Do these steps work for you?
-
4. Re: Re: Re: Clustered replicated live-backup not failing back on live restart
andrew.morgan Feb 14, 2014 10:36 AM (in response to jbertram)Yes, that works perfectly both running two instances on my workstation (starting without a -b parameter) and running one on my workstation and another on my co-workers workstation (using -b $HOSTNAME).
The differences between these tests are several:
- The workstation tests are physical devices, the original tests were VMs
- The workstations have a single physical interface and VMs have 3 virtual ones.
- The workstations are connected to a physical switch and the VMs are bridged on the host (I think).
I did a second test between the two workstations with all of the multicast addresses set to the same value (231.7.7.7) to eliminate that as a problem with the VM configuration.
I'll talk to the sysadmin who set up the VMs to see how they are connected and try to determine if the problem is there.
-
5. Re: Re: Re: Clustered replicated live-backup not failing back on live restart
andrew.morgan Mar 3, 2014 5:04 PM (in response to andrew.morgan)Back from my vacation and a few hours of testing, and the problem is resolved.
Ran tests with tcpdump to examine the heartbeats passing between the servers. The UDP messages between live and backup appeared to be the same and fragmented no matter which direction they were travelling in, even though one hornetq could receive them and the other one couldn't.

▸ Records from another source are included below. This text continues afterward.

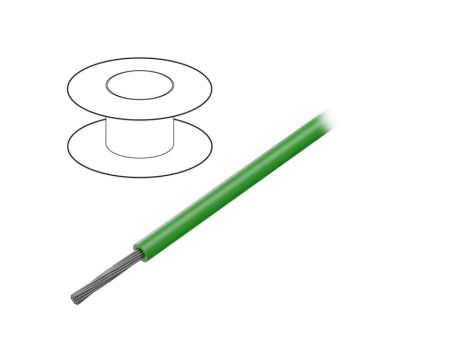 7056 GR005 Przewód na rolce o długości 30,5m linka Cu, 150V PVC zielony 20 AWG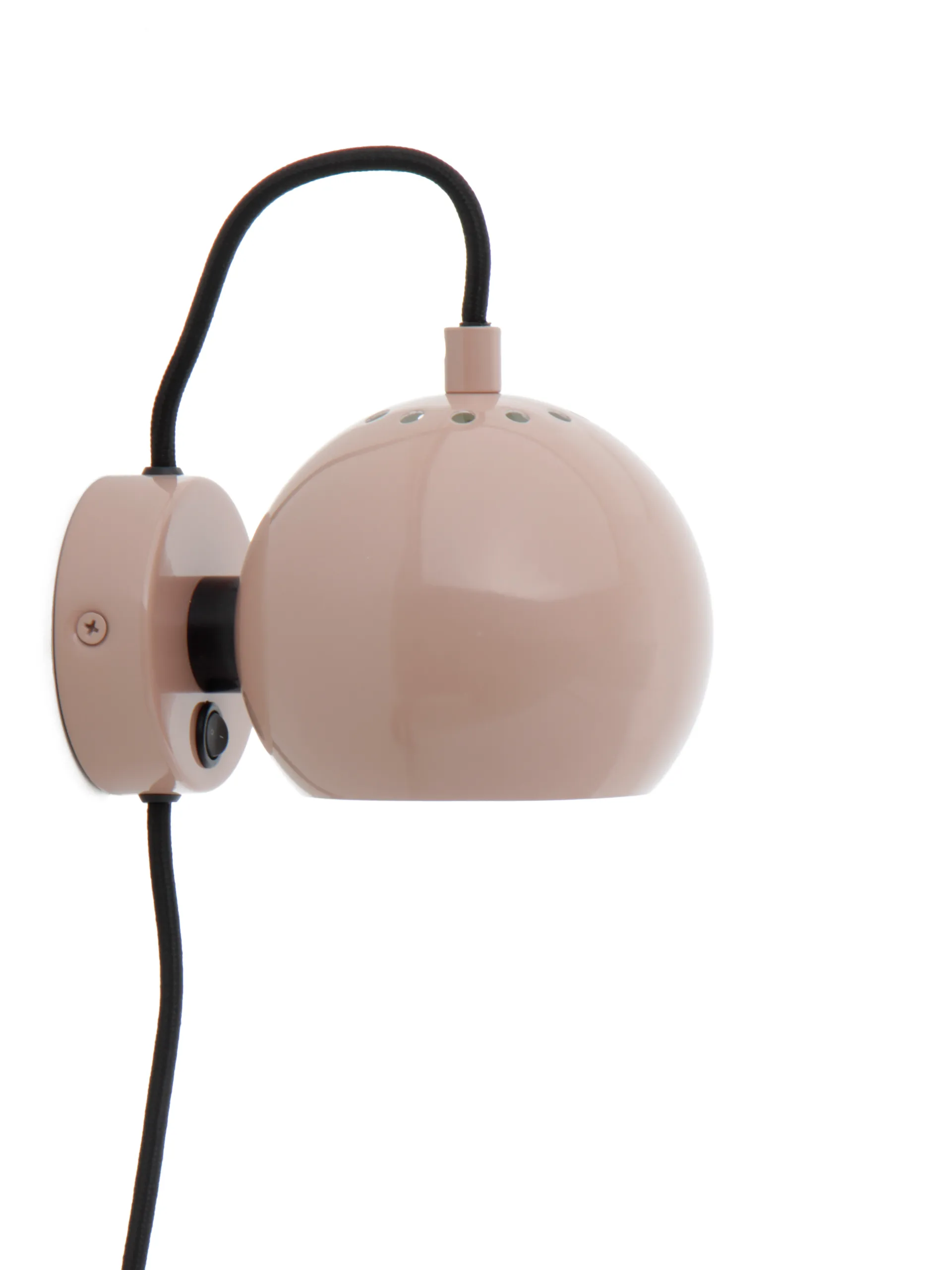 Ball Magnet vegglampe 10x12 cm, Glossy nude Frandsen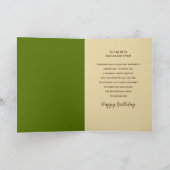 Birthday Son in Law Mascula Abstrakt Brown Card Karte (Innenseite)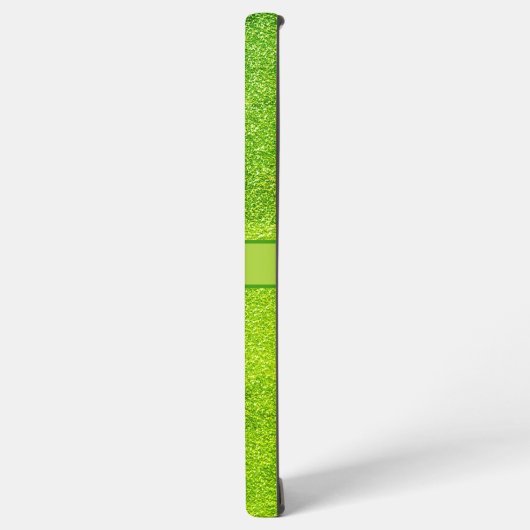 Coque Samsung Galaxy Green Parties scintillant Artsy Abstrait Ajouter u (Côté gauche)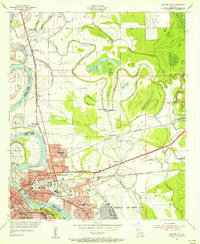 Bossier City 1955 topographic map thumbnail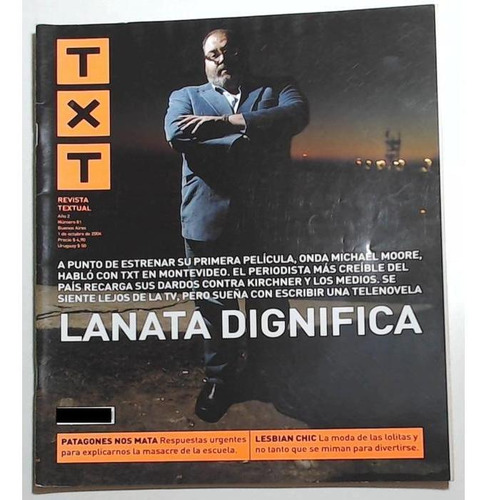 Revista Textual Txt 81 Año 2 Fecha 1 De Octubre 2004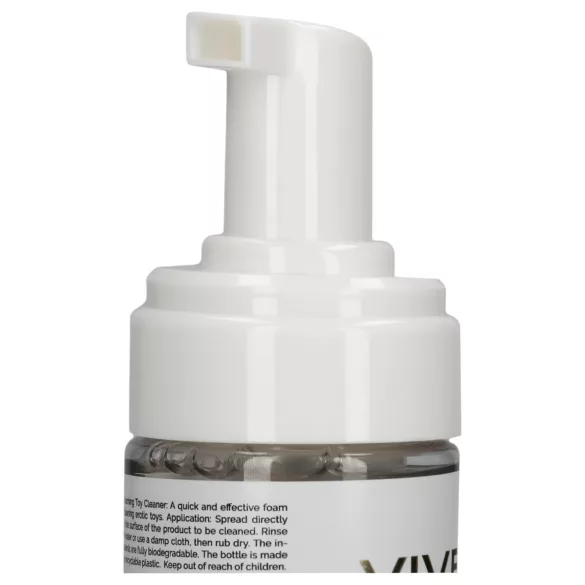 Vive - limpador de brinquedos eróticos em espuma - 140ml
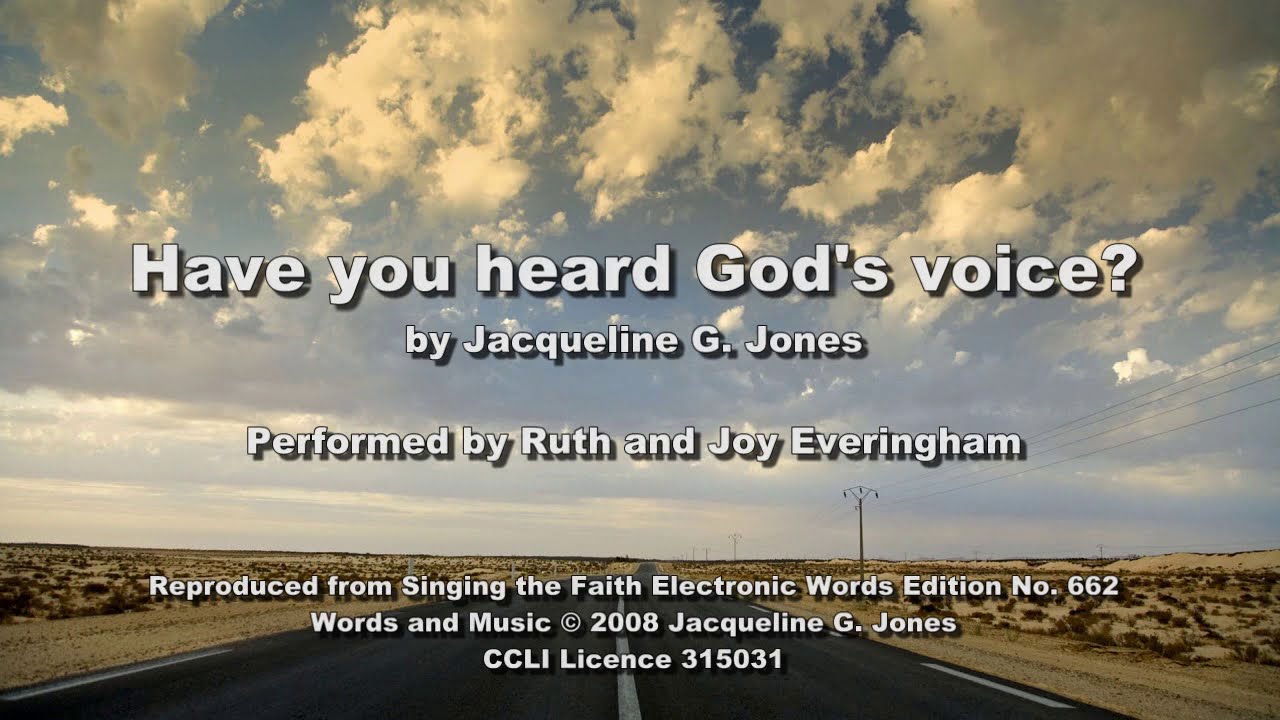 Have you heard God's voice? Lyric video (StF 662)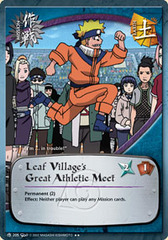 Leaf Village's Great Athletic Meet - M-205 - Rare - 1st Edition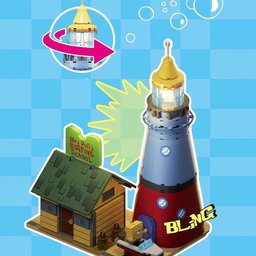 مكعبات سبونج بوب – مدرسة قيادة السيدة بف مع المنارة SpongeBob Mrs. Puff's Boating School and Lighthouse Building Blocks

In addition to disabling multicast snooping on the HOST server as described in https://bugzilla.redhat.com/show_bug.cgi?id=880035,
echo 0 > /sys/class/net/virbr0/bridge/multicast_snooping
turning off udp-fragmentation-offload on the interface of the GUEST virtual machines allowed either server to see the other's heartbeat:
ethtool -K eth0 ufo off
Because the error was asymmetrical and the servers should have been identically configured, we will attempt the test again with freshly deployed VMs to determine if this is the case for all setups or if some undocumented configuration change on one of the two servers was causing the problem.